Here is my 1982 CX500. I bought the bike the week after Thanksgiving weekend 2012 after my brother talked me into it after seeing an ad on craigslist. After reading the ad, it was an easy sell…running and driving, and no mechanical problems, and cheap. But a Cx500? I wasn’t convinced that this was the bike for me, but after my brother showed me the Wrenchmonkees build, I emailed the seller right away. I picked up the bike that night and brought it home to tear down. Without really knowing what I wanted it to look like, I did the typical motorcycle tear down, chopped the rear, re-wired the bike and hid all of the electronics. I stripped the tank, made a seatpan, threw on some moto bars and it was “done” the next weekend.
I put about 700 miles on the bike with a tweak here and there but I knew it wasnt the end for this bike, it needed more. I lowered the forks 2” to the stance the Wrenchmonkees build had, but my springs were too weak to hold up the bike over big bumps. I discovered Ty’s Motorcycle Salvage in Longmont, Co and spent the next several Sundays freezing my butt of walking through this awesome salvage yard and digging through parts. One day I found the GSXR-1000 legs and bought them, knowing I just opened a can of worms.
Over the next couple weeks I started to piece together parts to bolt the front end onto my CX. I ended up with 01 GSXR 1000 legss, 93 GSXR 650 Trees, Clip ons from who knows what year GSXR, Wheel from a 06 GSXR, Brakes from a 02 GSXR 750, and rotors from some year GSXR. The Legs, Clip ons, and rotors were picked up from Ty’s for an amazing $50. The front end more or less bolted right up with little machine work, which I did all myself.
The bike started to really come together. I originally wanted Firestones for it, but finding a tire combo with a 17” front and 16” is tough. I went with Duro Median dual sport tires because I wanted something argressive and this bike would for sure see lots of gravel.

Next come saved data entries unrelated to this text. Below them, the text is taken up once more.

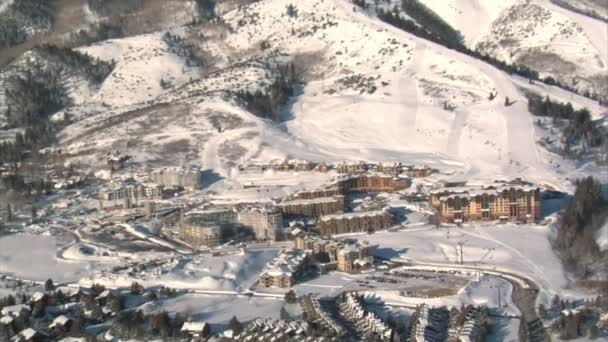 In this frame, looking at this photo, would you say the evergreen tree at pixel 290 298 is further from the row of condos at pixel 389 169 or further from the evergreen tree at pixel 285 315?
the row of condos at pixel 389 169

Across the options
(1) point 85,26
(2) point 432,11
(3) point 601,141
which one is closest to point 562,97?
(3) point 601,141

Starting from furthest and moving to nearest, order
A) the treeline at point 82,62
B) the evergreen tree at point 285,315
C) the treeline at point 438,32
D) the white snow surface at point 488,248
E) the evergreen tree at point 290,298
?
1. the treeline at point 82,62
2. the treeline at point 438,32
3. the white snow surface at point 488,248
4. the evergreen tree at point 290,298
5. the evergreen tree at point 285,315

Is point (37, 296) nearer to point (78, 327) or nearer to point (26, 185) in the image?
point (78, 327)

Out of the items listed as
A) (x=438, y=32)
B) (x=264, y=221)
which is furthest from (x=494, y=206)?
(x=438, y=32)

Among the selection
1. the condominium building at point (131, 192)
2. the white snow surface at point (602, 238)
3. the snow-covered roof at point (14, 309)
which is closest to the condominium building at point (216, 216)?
the condominium building at point (131, 192)

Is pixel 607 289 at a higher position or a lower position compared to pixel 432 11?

All of the custom parts on the bike are hand fabricated myself…Fairing, seat pan, headlight mounts, battery holder (underneath swingarm), rear brake brace, Tecate air “filters” etc.
This just goes to show you can build a pretty awesome custom bike on a budget. Total, including registration and all, I have about $1600 into the bike, even including purchase. This bike will always be a work in progress and will be a daily driver in Boulder, Co.
Sorry for the lack of good photos, not a photographer!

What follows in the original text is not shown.